Aston Martin, on the other hand, is not doing well as supply bottlenecks remain. Its stock has crashed by more than 75% this year and is about 96% below its all-time high. The company’s Formula 1 team has also struggled in the field and is currently in position 9 out of 10 in the constructor’s championship.

Still, demand for Aston Martin vehicles has remained strong. For example, its GT/Sports cars have been sold out into 2023. DBX orders have risen by more than 40% year-on-year. V12 Vantage has been fully sold out. As such, Aston Martin is not having a demand issue.

Instead, the main challenge is that supply constraint and tight financial conditions. In the first half of the year, the company’s total volumes dropped by 8% due to supply issues. As a result, the company recorded a loss before tax of 90 million pounds.

Aston Martin has partially solved its balance sheet challenges by raising cash from its investors and attracting Saudi Arabia’s Public Investment Fund as an investor. Therefore, the recovery of Aston Martin share price will depend on how it handles its supply chain issues.

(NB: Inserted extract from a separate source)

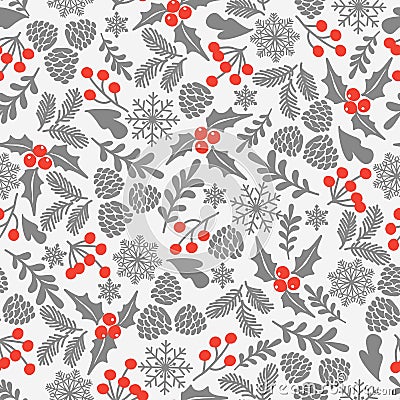 Winter seamless vector pattern with holly berries. Part of Christmas backgrounds collection. Can be used for wallpaper, pattern fi Vector Illustration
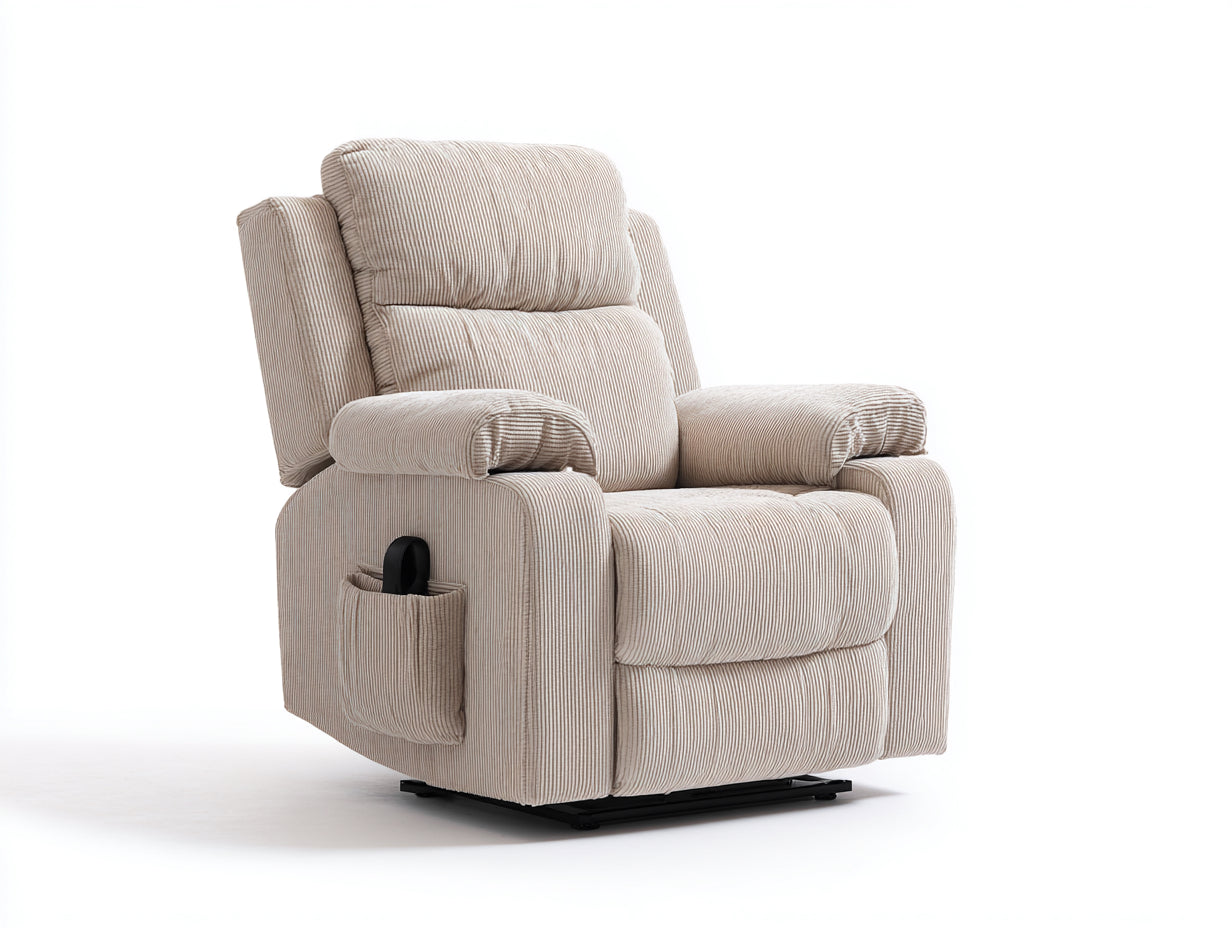 Poltrona reclinabile - Velluto a coste - 101x96x110 cm - Beige sabbia - Minimalista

Aston Martin share price forecast

The daily chart shows that the AML share price has been in a strong bearish trend in the past few months. This drop saw the stock tumble to a low of 132.35p, which was the lowest level on July 14. The stock has crashed below all moving averages while the Relative Strength Index (RSI) has dropped below the neutral point at 50.

Therefore, the shares will likely continue falling as sellers target the YTD low of 132.3. A drop below this support will mean that bears have prevailed and open the possibility of the stock falling to about 120p.